(AVAILABLE DATA)

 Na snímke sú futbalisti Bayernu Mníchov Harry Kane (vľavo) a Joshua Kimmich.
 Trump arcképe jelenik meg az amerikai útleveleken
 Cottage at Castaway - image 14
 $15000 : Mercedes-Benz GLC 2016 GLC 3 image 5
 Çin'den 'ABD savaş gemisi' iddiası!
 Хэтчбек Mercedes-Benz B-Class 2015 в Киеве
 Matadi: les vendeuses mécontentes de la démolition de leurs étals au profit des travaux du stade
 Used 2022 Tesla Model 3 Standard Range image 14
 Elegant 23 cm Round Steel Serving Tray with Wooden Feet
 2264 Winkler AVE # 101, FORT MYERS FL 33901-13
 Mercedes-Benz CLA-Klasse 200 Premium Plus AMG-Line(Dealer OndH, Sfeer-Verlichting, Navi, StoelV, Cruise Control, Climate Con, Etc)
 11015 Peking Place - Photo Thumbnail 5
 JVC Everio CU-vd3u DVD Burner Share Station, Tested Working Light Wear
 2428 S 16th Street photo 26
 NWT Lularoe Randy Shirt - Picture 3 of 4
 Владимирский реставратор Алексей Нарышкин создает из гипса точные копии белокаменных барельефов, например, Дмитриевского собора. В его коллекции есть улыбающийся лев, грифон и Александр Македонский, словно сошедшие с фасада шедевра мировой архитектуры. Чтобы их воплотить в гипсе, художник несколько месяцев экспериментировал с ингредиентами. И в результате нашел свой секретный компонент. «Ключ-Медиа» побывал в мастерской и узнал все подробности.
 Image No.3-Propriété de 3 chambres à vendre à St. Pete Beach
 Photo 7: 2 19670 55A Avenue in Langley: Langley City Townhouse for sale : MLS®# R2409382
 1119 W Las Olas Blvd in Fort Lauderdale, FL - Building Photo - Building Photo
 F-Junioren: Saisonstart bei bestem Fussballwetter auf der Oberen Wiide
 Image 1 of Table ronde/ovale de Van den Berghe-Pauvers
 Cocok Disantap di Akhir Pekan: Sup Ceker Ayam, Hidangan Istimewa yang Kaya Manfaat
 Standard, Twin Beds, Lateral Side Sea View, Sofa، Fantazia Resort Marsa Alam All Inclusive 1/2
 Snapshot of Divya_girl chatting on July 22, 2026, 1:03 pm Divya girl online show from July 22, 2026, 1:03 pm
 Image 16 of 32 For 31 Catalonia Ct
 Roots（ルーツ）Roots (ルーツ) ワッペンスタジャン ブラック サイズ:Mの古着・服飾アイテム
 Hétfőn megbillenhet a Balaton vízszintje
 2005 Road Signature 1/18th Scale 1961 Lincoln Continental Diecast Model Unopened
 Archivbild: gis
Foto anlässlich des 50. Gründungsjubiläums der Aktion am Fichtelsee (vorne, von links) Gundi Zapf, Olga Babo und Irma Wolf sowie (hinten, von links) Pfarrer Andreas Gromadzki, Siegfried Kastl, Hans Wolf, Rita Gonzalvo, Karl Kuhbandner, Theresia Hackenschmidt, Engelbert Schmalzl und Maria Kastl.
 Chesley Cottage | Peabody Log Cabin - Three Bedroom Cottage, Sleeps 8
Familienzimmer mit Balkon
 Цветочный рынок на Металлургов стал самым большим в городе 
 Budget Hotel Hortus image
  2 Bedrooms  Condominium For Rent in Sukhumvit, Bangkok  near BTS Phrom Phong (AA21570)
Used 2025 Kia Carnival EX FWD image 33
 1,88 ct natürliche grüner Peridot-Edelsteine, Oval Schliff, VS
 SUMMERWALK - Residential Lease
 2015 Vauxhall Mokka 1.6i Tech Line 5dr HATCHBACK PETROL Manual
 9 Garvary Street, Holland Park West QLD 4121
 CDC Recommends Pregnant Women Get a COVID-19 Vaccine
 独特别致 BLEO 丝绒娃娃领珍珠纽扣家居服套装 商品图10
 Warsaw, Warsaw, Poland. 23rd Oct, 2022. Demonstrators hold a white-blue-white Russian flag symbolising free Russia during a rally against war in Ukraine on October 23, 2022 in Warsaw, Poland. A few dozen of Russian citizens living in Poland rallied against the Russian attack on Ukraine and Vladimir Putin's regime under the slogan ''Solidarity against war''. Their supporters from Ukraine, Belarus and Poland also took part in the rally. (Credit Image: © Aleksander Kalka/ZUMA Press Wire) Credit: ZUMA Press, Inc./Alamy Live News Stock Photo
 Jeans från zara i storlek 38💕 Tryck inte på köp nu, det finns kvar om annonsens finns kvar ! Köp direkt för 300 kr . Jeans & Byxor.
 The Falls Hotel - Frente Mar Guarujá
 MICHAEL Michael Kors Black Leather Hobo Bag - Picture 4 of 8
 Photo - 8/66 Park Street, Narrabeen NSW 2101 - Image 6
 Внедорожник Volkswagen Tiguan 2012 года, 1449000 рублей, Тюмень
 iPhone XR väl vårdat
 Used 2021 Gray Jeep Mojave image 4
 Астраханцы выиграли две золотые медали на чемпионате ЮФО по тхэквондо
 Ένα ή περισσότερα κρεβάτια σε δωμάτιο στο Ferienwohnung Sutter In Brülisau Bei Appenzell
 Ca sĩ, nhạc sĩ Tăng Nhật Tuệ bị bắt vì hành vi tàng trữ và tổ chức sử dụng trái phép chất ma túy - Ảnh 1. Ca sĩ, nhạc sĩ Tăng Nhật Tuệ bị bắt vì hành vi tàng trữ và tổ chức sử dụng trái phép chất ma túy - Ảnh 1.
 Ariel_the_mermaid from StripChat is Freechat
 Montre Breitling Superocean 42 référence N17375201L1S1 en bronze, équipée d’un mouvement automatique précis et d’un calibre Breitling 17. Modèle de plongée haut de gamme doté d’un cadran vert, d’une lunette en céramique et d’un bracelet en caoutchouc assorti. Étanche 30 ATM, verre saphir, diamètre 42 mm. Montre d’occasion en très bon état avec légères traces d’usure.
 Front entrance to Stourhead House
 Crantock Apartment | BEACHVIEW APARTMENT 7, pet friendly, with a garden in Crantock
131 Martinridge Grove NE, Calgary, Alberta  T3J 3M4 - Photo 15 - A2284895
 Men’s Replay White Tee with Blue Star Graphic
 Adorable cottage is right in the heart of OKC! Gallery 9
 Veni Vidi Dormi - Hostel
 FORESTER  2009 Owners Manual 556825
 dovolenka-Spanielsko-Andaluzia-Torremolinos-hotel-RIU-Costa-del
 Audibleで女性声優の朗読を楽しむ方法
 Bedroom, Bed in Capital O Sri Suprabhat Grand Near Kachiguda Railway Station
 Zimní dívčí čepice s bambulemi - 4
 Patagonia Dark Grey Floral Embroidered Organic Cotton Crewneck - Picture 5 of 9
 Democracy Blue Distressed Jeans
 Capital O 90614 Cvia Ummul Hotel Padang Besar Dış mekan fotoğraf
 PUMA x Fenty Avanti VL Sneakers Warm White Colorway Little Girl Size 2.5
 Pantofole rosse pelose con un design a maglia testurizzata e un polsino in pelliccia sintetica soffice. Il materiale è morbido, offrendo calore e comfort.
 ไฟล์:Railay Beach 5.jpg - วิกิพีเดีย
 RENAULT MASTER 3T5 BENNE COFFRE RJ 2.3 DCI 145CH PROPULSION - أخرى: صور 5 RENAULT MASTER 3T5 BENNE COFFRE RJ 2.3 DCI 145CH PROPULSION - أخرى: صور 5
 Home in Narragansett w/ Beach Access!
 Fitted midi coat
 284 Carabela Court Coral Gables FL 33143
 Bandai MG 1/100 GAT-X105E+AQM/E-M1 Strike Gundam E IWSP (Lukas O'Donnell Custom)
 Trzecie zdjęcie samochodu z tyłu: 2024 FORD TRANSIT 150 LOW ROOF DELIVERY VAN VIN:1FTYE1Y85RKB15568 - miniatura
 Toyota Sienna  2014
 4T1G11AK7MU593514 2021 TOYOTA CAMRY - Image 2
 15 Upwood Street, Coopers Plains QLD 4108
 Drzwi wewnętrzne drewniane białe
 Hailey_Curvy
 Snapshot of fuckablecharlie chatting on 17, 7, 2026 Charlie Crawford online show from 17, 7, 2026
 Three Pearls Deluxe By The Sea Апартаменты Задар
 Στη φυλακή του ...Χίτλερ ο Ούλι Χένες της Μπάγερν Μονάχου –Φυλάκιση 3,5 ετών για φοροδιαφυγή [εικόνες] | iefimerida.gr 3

(TASK REQUIREMENTS) Restate word for word the lines running from the line that holds "284 Carabela Court Coral Gables FL 33143" to the final line of the entries.

(RESPONSE AREA)
 284 Carabela Court Coral Gables FL 33143
 Bandai MG 1/100 GAT-X105E+AQM/E-M1 Strike Gundam E IWSP (Lukas O'Donnell Custom)
 Trzecie zdjęcie samochodu z tyłu: 2024 FORD TRANSIT 150 LOW ROOF DELIVERY VAN VIN:1FTYE1Y85RKB15568 - miniatura
 Toyota Sienna  2014
 4T1G11AK7MU593514 2021 TOYOTA CAMRY - Image 2
 15 Upwood Street, Coopers Plains QLD 4108
 Drzwi wewnętrzne drewniane białe
 Hailey_Curvy
 Snapshot of fuckablecharlie chatting on 17, 7, 2026 Charlie Crawford online show from 17, 7, 2026
 Three Pearls Deluxe By The Sea Апартаменты Задар
 Στη φυλακή του ...Χίτλερ ο Ούλι Χένες της Μπάγερν Μονάχου –Φυλάκιση 3,5 ετών για φοροδιαφυγή [εικόνες] | iefimerida.gr 3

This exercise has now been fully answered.